**WHAT YOU WILL DO:** Your output must be the lines below from the line containing "un gros plan" to the line containing "Side porch and utilities space", both lines included, reproduced exactly and without pictures.

**SUPPLIED DATA:**
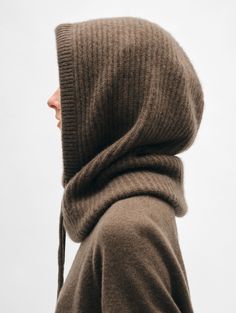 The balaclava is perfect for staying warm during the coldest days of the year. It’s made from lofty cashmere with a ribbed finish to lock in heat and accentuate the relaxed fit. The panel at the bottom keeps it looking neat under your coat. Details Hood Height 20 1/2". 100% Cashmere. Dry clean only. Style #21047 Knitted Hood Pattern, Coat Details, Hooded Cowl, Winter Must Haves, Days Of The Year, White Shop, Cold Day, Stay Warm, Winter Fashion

...

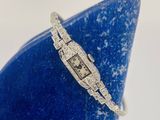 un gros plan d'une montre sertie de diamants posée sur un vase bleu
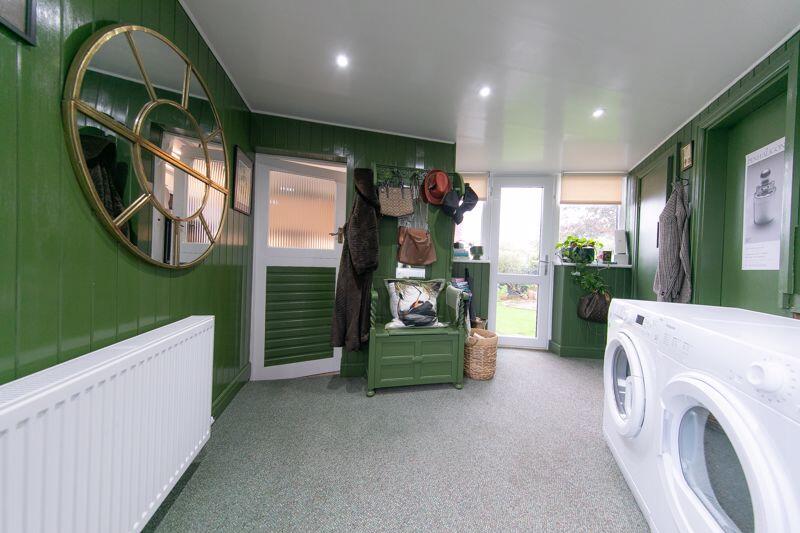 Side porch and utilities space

**PROBLEM SOLUTION:**
 un gros plan d'une montre sertie de diamants posée sur un vase bleu
 Side porch and utilities space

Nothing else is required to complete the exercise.